In March 2013, about 3.2 hectares of "Hamamatsucho 2-chome 4 district" on the west side of Hamamatsucho station was declared by a city planning decision as a special urban regeneration district . [10] In response, the construction of five new buildings is planned, including the reconstruction of the entire area. The demolition of a 152-meter skyscraper is the largest ever.

In 2014, the World Trade Center Building was purchased by the Nippon Life Insurance Company, which plans to demolish the building to allow for the construction of a new office building on the site.
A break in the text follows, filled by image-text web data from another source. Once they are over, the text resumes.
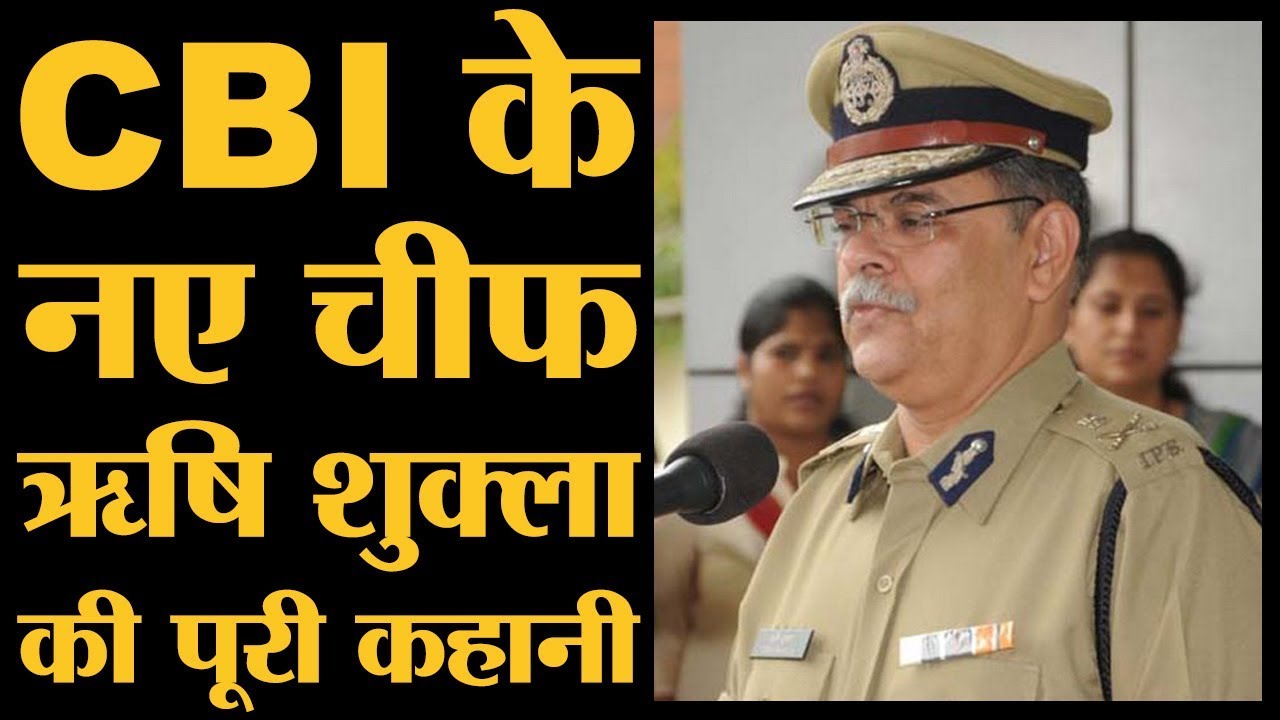Narendra Modi ने जिन Rishi Shukla को नया CBI Chief बनाया, उससे नाराज क्यों है Congress?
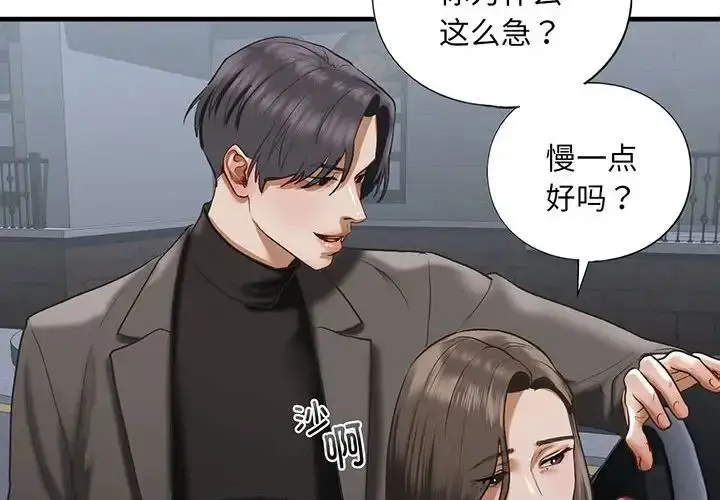 漫画《我的继姐》第25话第2张图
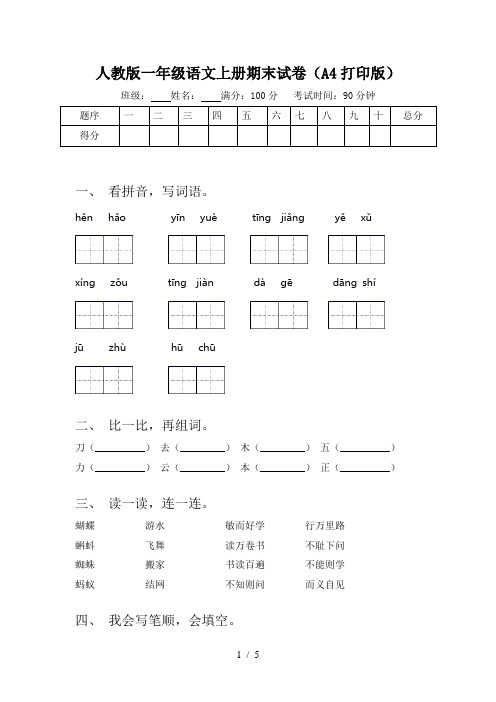 人教版一年级语文上册期末试卷(A4打印版)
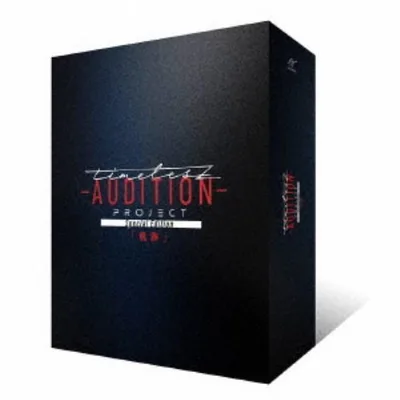 timelesz/timelesz project -AUDITION- Special Edition「軌跡」 (初回限定) 【DVD】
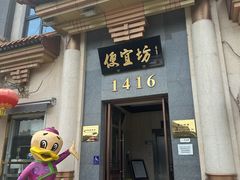 -便宜坊烤鸭店(玉蜓桥店)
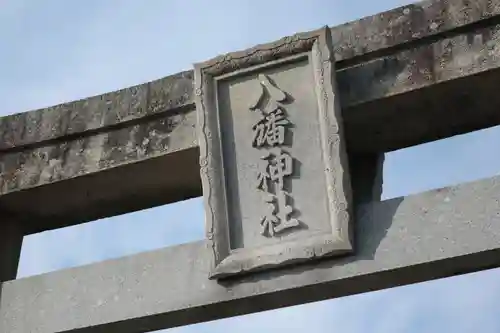 八幡神社の鳥居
Development was started separately for District A, District B, and District C. In District A, the South Building of the World Trade Center Building (3 floors below ground, 39 floors above ground) was completed in March 2021. The main building and bus terminal of the same building are scheduled to be completed in March 2017, a new Tokyo Monorail Hamamatsucho Station in May 2027. The B Street District Nippon Life Hamamatsucho Claire Tower (3 floors above the 29th floor underground) was completed in August 2018. A complex promoted by the Redevelopment Association (2 floors below ground, 46 floors above ground) is scheduled to be completed in December 2026 and will be constructed in District C. This building would later be called the World Trade Center North.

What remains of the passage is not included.